(Saved entries)

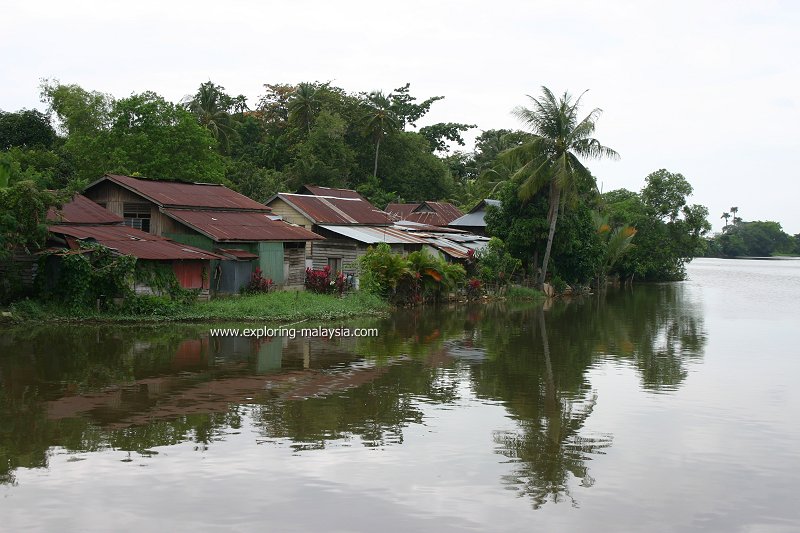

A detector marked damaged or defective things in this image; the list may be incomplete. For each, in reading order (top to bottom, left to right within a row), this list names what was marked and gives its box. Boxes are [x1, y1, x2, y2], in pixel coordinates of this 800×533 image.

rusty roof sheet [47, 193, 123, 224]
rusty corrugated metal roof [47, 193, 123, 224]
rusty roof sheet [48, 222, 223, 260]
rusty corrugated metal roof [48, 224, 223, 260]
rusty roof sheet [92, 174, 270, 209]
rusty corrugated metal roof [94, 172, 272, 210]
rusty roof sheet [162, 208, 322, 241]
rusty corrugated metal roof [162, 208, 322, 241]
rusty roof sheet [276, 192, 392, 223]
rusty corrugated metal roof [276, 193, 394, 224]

_DIRECTIONS:_ The records above, minus their pictures, are to be returned word for word.

_FINAL ANSWER:_
A detector marked damaged or defective things in this image; the list may be incomplete. For each, in reading order (top to bottom, left to right within a row), this list names what was marked and gives its box. Boxes are [x1, y1, x2, y2], in pixel coordinates of this 800×533 image.

rusty roof sheet [47, 193, 123, 224]
rusty corrugated metal roof [47, 193, 123, 224]
rusty roof sheet [48, 222, 223, 260]
rusty corrugated metal roof [48, 224, 223, 260]
rusty roof sheet [92, 174, 270, 209]
rusty corrugated metal roof [94, 172, 272, 210]
rusty roof sheet [162, 208, 322, 241]
rusty corrugated metal roof [162, 208, 322, 241]
rusty roof sheet [276, 192, 392, 223]
rusty corrugated metal roof [276, 193, 394, 224]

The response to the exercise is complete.